**WHAT YOU SHOULD DO**
Retype the listing exactly, with no images.

**THE DATA**
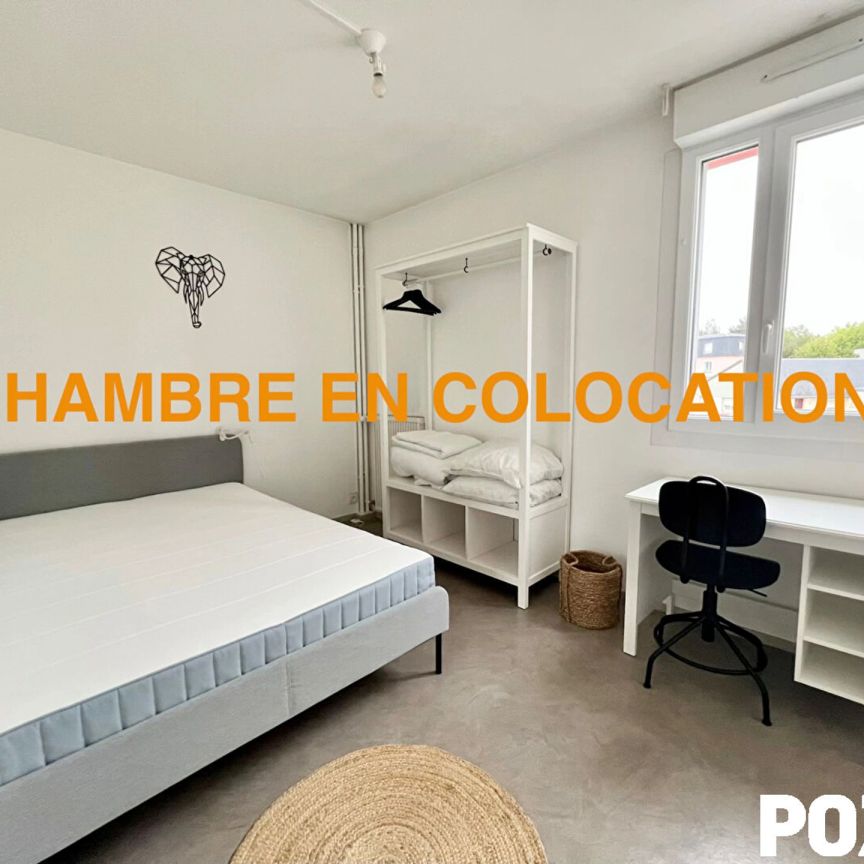Chambre MEUBLÉE à louer en COLOCATION - Photo 1
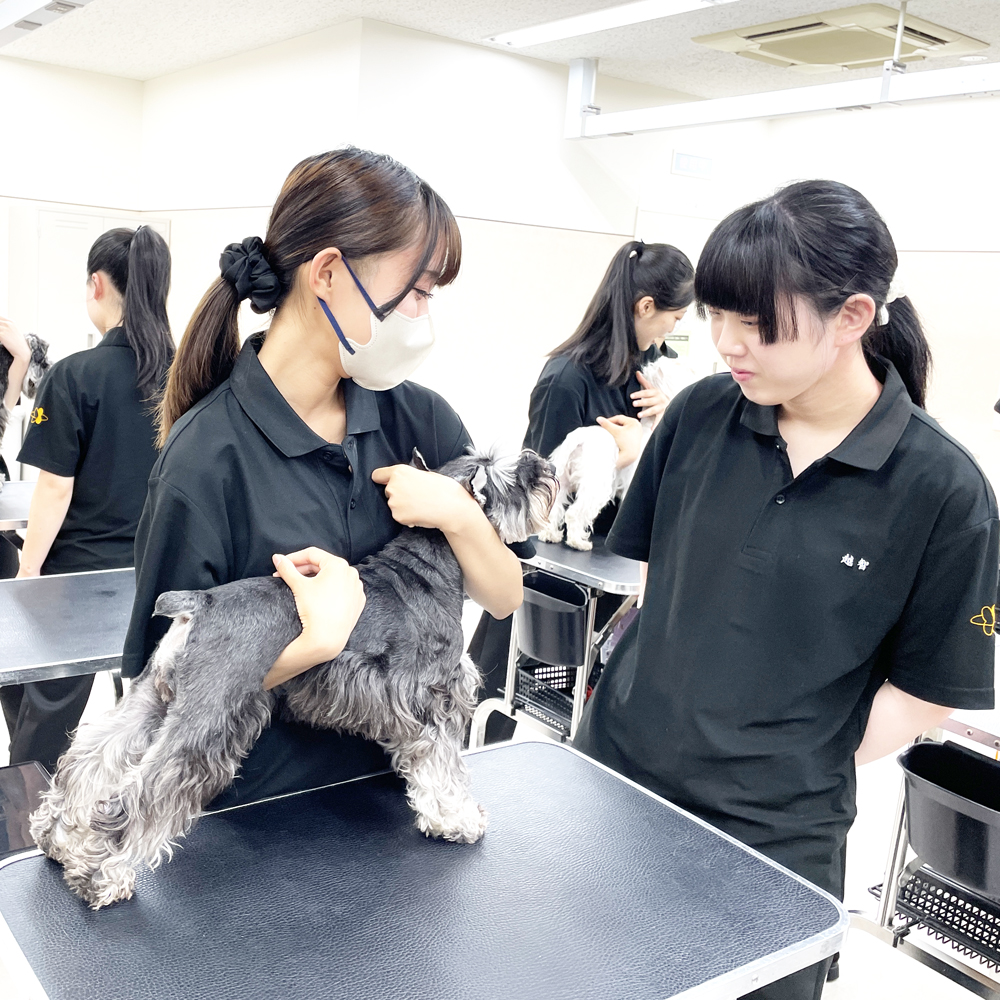 1年生の保定実習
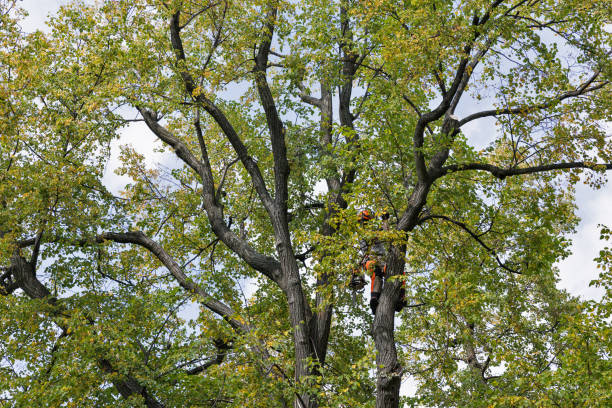 How Our Tree Care Process Works  in  Westhaven Moonstone, CA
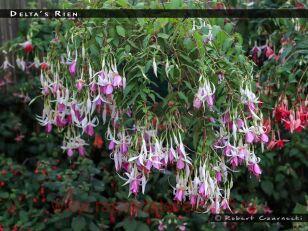 Фуксия Delta Rien 34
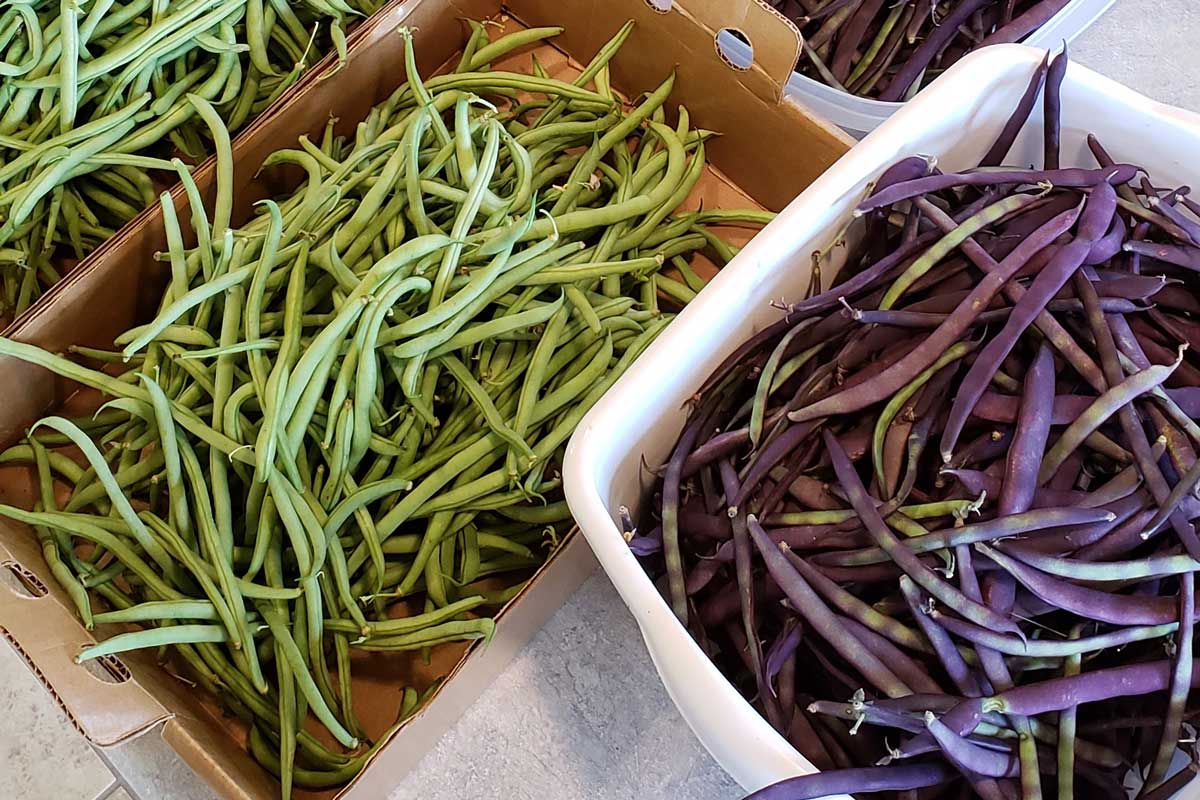 bins of fresh green and purple beans
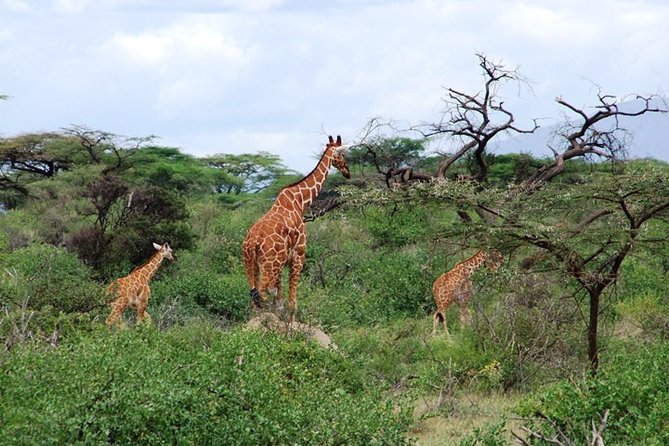 Tsavo East Amboseli and Tsavo West Safari 4 Days starting Malindi - Day 4: early Tsavo West game drive and back to Malindi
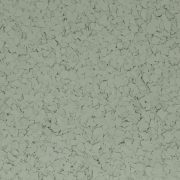 Torginol® | Basil
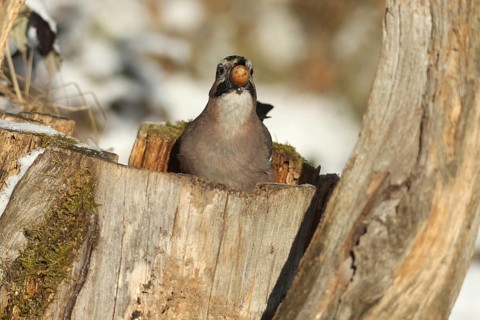 Eurasian Jay (Garrulus glandarius) with acorn (Quercus) in its beak, feeding in the forest during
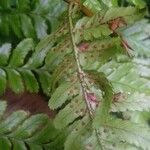 Dryopteris erythrosora 果實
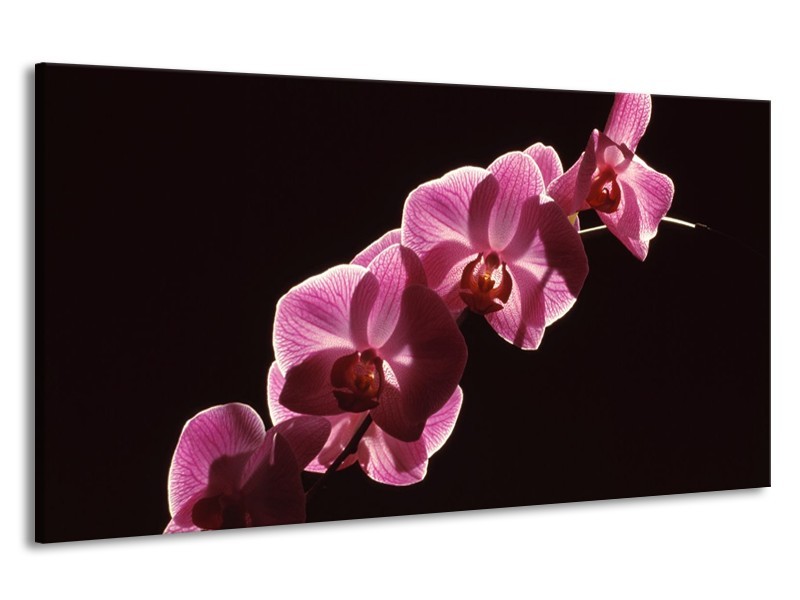 Canvas schilderij Orchidee | Paars, Wit, Zwart | 190x100cm 1Luik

**SOLUTION FOR THIS TASK**
Chambre MEUBLÉE à louer en COLOCATION - Photo 1
 1年生の保定実習
 How Our Tree Care Process Works  in  Westhaven Moonstone, CA
 Фуксия Delta Rien 34
 bins of fresh green and purple beans
 Tsavo East Amboseli and Tsavo West Safari 4 Days starting Malindi - Day 4: early Tsavo West game drive and back to Malindi
 Torginol® | Basil
 Eurasian Jay (Garrulus glandarius) with acorn (Quercus) in its beak, feeding in the forest during
 Dryopteris erythrosora 果實
 Canvas schilderij Orchidee | Paars, Wit, Zwart | 190x100cm 1Luik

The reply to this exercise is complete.